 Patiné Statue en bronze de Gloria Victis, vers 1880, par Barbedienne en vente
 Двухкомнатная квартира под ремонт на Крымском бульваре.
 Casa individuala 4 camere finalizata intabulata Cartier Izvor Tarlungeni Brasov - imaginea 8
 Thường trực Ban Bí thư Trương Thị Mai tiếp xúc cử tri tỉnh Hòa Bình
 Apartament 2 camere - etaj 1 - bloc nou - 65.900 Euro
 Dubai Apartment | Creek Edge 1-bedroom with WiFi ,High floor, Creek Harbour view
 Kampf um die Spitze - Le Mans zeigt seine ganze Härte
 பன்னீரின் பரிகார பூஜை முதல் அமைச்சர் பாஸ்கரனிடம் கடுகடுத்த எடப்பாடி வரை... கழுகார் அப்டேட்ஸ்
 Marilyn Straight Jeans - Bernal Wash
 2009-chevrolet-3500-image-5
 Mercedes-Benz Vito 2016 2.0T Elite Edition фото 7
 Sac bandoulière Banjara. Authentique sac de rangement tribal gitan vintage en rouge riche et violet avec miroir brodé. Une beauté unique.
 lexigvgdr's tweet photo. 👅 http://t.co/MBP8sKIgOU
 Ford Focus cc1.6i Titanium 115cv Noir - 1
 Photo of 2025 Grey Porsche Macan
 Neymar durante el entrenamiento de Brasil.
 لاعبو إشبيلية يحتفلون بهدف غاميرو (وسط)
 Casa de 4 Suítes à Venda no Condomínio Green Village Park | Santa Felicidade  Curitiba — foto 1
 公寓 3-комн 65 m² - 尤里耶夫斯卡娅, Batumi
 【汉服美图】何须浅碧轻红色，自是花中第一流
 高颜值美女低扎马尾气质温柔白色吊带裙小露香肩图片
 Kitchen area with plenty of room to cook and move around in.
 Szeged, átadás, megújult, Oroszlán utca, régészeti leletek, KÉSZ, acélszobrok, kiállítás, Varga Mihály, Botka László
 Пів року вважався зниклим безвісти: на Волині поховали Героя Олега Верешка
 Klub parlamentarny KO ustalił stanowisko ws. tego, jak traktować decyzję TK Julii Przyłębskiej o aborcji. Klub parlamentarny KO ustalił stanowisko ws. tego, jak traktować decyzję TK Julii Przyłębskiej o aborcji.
* * * *
- [WORK TO COMPLETE]:
Of the entries above, transcribe exactly those lines that fall between the line containing "Neymar durante el entrenamiento de Brasil." and the line containing "Szeged, átadás, megújult, Oroszlán", together with those two lines.

- [THE COMPLETED TASK]:
 Neymar durante el entrenamiento de Brasil.
 لاعبو إشبيلية يحتفلون بهدف غاميرو (وسط)
 Casa de 4 Suítes à Venda no Condomínio Green Village Park | Santa Felicidade  Curitiba — foto 1
 公寓 3-комн 65 m² - 尤里耶夫斯卡娅, Batumi
 【汉服美图】何须浅碧轻红色，自是花中第一流
 高颜值美女低扎马尾气质温柔白色吊带裙小露香肩图片
 Kitchen area with plenty of room to cook and move around in.
 Szeged, átadás, megújult, Oroszlán utca, régészeti leletek, KÉSZ, acélszobrok, kiállítás, Varga Mihály, Botka László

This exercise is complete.